Just connect an SCSI-to-IDE converter to an Adaptec 1542, and there is your "first party DMA ISA IDE controller". It's a quite expensive "solution", though.

rasz_pl wrote on 2024-03-01, 04:12:
douglar wrote on 2024-02-28, 15:53:

PCI provided "First Party" DMA, where any expansion card could become a "bus master" and run at high speeds

PCI merely supports bus arbitration (ability to take over), it doesnt provide any DMA on its own.

Well, "first party" DMA never has been more than arbitration to get the bus to the expansion card that wants to perform the transfer, as this is the definition of first-party DMA. The first party is the controller card that requires data transfer, the second party is the CPU and the third party is an external DMA controller provided by the platform. So if PCI would have provided some DMA mechanism on its own, it would have been a kind of third-party DMA.

rasz_pl wrote on 2024-03-01, 04:12:

One could argue it got worse with PCI compared to ISA, EISA and MCA - at least all of those had standard defined central DMA engine for cards and drivers to rely on.

The ISA DMA engine was quite lacking comparing the needs of anything better than an XT for anything more demanding than stream transfers to a sound card or providing a means to arbitrate for the bus to do first-party DMA.

For example, think of a network card: The network card does not receive a stream of bytes, it receives a stream of packets. You likely want each packet to be in its own packet buffer, so the card needs a way to skip to the next buffer after receiving one packet. We don't want ethernet cards to apply back-pressure to the coax cable (jamming the cable until the next receive buffer has been set up), so receiving a new packet while the previous one is still being transferred out of the card's buffer is a requirement. To get the full advantage of DMA, a first-party DMA card writes the received packets into host memory into OS buffers, and can advance to the next buffer on its own. You could still use third-party DMA in convoluted ways like assigning two DMA channels to the receiver which are used in a ping-pong fashion, and a third DMA channel to the transmitter. Hey, wait! How many DMA channels does ISA provide? Do you want to assign 50% of the available DMA channels (after deducting DMA2 for the floppy) to a single expansion card?

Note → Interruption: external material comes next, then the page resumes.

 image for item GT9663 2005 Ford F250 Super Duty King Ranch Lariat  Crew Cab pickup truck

Then think of SCSI controllers with SCSI disconnect and tagged queueing. They have a lot of requests pending, and we can't prepare a dedicated ISA DMA channel for every pending request. So the controller needs to generate an IRQ to have the host set up DMA for handling a request at the point the controller gets to know what request is next in getting a data phase. The 1542 is even more flexible: It supports the arcane SCSI "SET POINTERS" message, allowing a hard disk (controller) to tell the SCSI host adapter what part of the data block is transferred next. The sectors don't have to be transferred in order of the request, but the hard drive controller can start with the sector just at the head, even if it is in the middle of the requested area. Good luck doing this with 3rd-party DMA.

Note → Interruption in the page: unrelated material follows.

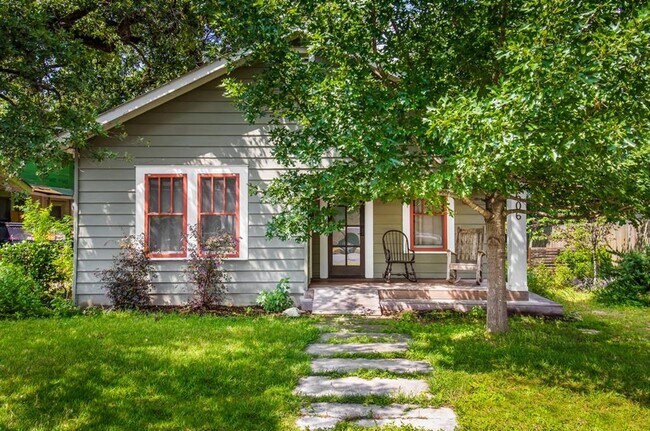 Primary Photo - 1606 W 9 1/2 St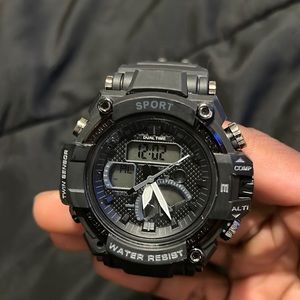 I’m not sure what brand watch this is but it was a old gift.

Designing a third-party-DMA engine that caters all the needs of different DMA-capable cards (not even talking about a card like the SB Live that reads wavetable samples for MIDI synthesis over the PCI bus) would result in a very complicated DMA engine, and likely create extra complexity on the cards to interface that logic. So I think it makes a lot of sense to abandon the idea of a central DMA engine, especially as chip complexity got cheap: In the times of PCI, adding first-party DMA to a card didn't significantly increase cost of chip and card manufacturing anymore.

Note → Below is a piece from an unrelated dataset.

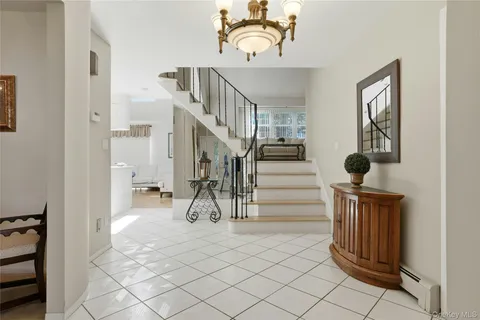 $749,000 | 3 King Avenue, Melville, NY 11747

rasz_pl wrote on 2024-03-01, 04:12:

For Intel there are no excuses, they already employed thousands of engineers and knew better. Wouldnt be out of line to suspect malice. Intel at the time was busy doing tons of shady stuff:

As the people doing the shady stuff you list are not the engineers that could have specified a DMA engine for PCI, I don't think the task of doing "capitalism bullshit" and the task of designing an advanced bus system competed for the same resources.